Task statement: The records are to be repeated exactly, and any images in them are to be dropped.

Input for this task:
- - - - - - -

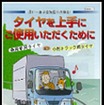 リーフレット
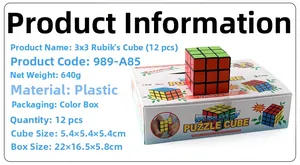 Detailed specs for a 12-piece pack of 3x3x3 smooth speed cubes in a display gift box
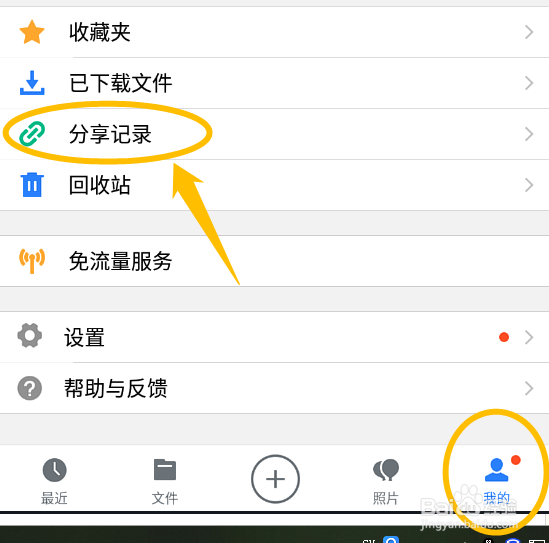 腾讯微云如何查看文件夹分享链接包含哪些文件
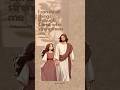 Daughter of the King 👑 | You Are Chosen by God ✝️ #shorts #daughter #fatherlove #love #kingjesus
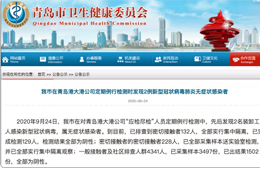  青島2名裝卸工感染新冠，曾接觸進口冷凍海鮮；檢出51份陽性樣本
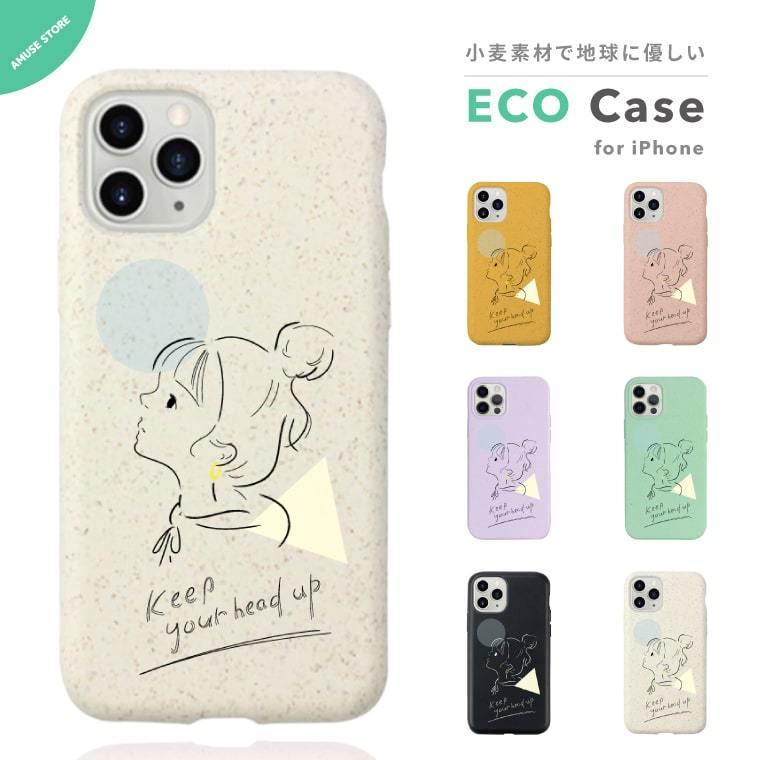 エコ スマホケース Iphone 14 Plus Pro Iphone 13 Mini Pro ケース Iphone12 Se おしゃれ パステル イラスト 女の子 ピアス Asec 042 Amuse Store 通販 Yahoo ショッピング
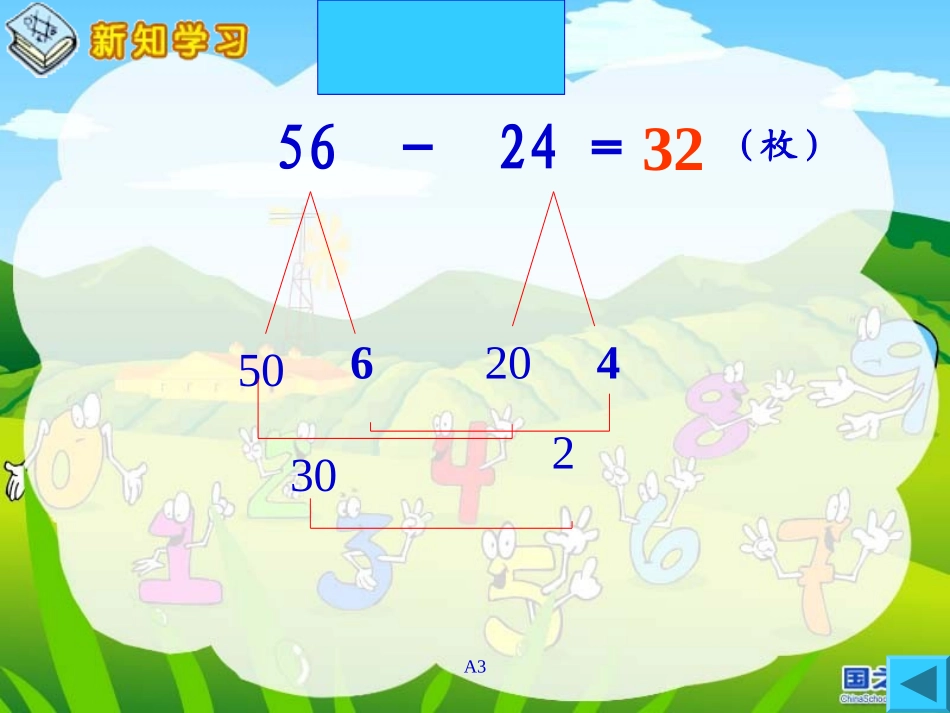 两位数减两位数口算-_第3页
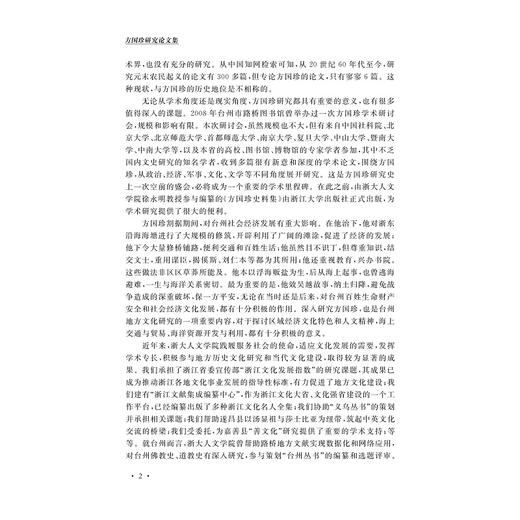 方国珍研究论文集/徐永明/责编:宋旭华/蔡帆/浙江大学出版社 商品图3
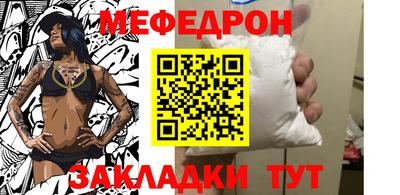 mix Апшеронск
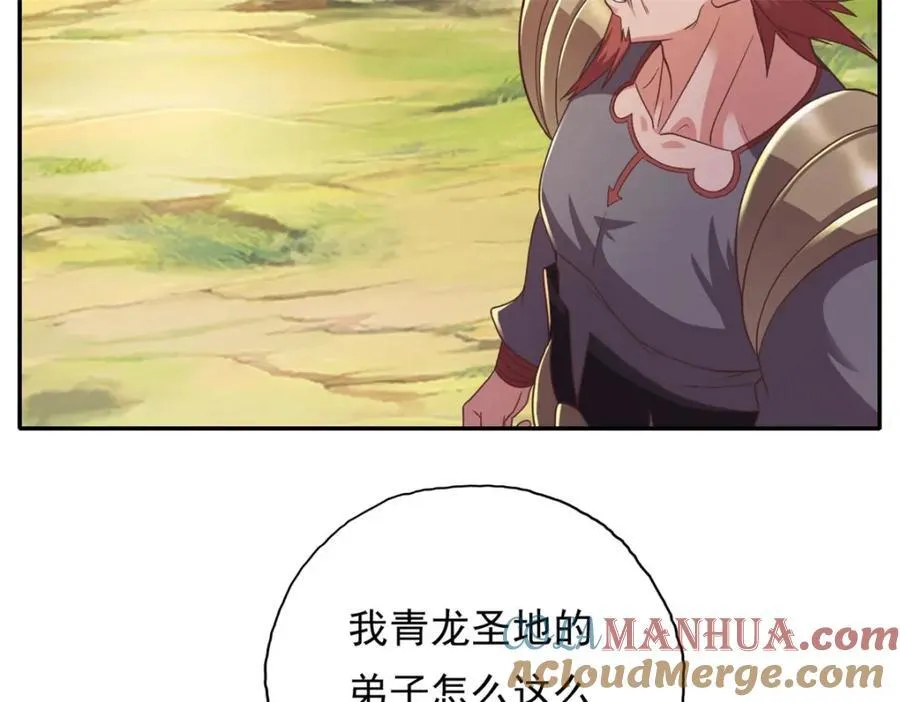 第120话 甚是高兴6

- - - - - - -

Result:
 リーフレット
 Detailed specs for a 12-piece pack of 3x3x3 smooth speed cubes in a display gift box
 腾讯微云如何查看文件夹分享链接包含哪些文件
 Daughter of the King 👑 | You Are Chosen by God ✝️ #shorts #daughter #fatherlove #love #kingjesus
  青島2名裝卸工感染新冠，曾接觸進口冷凍海鮮；檢出51份陽性樣本
 エコ スマホケース Iphone 14 Plus Pro Iphone 13 Mini Pro ケース Iphone12 Se おしゃれ パステル イラスト 女の子 ピアス Asec 042 Amuse Store 通販 Yahoo ショッピング
 两位数减两位数口算-_第3页
 方国珍研究论文集/徐永明/责编:宋旭华/蔡帆/浙江大学出版社 商品图3
 mix Апшеронск
 第120话 甚是高兴6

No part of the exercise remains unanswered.